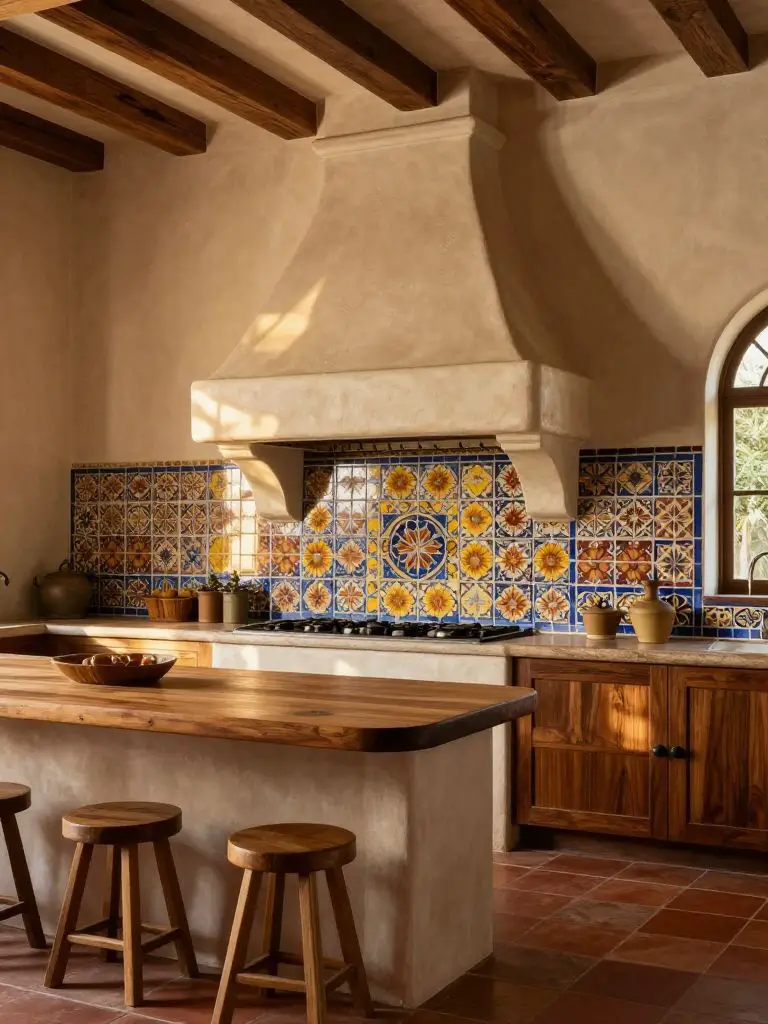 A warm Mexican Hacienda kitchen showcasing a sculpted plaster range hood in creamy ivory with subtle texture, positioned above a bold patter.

...

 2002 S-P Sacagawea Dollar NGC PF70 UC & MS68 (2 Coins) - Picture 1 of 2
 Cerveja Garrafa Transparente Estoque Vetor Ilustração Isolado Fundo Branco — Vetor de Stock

---

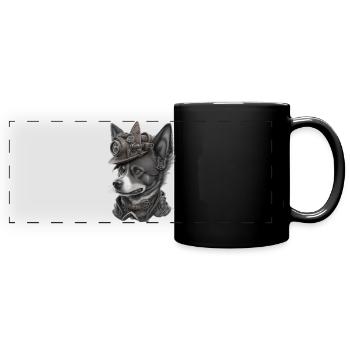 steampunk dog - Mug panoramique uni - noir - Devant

_WHAT NEEDS TO BE DONE:_ Return exactly, and only, the lines above starting at the line that contains "2002 S-P Sacagawea" and ending at the line that contains "Cerveja Garrafa Transparente".

_ANSWER TO THIS PROBLEM:_
 2002 S-P Sacagawea Dollar NGC PF70 UC & MS68 (2 Coins) - Picture 1 of 2
 Cerveja Garrafa Transparente Estoque Vetor Ilustração Isolado Fundo Branco — Vetor de Stock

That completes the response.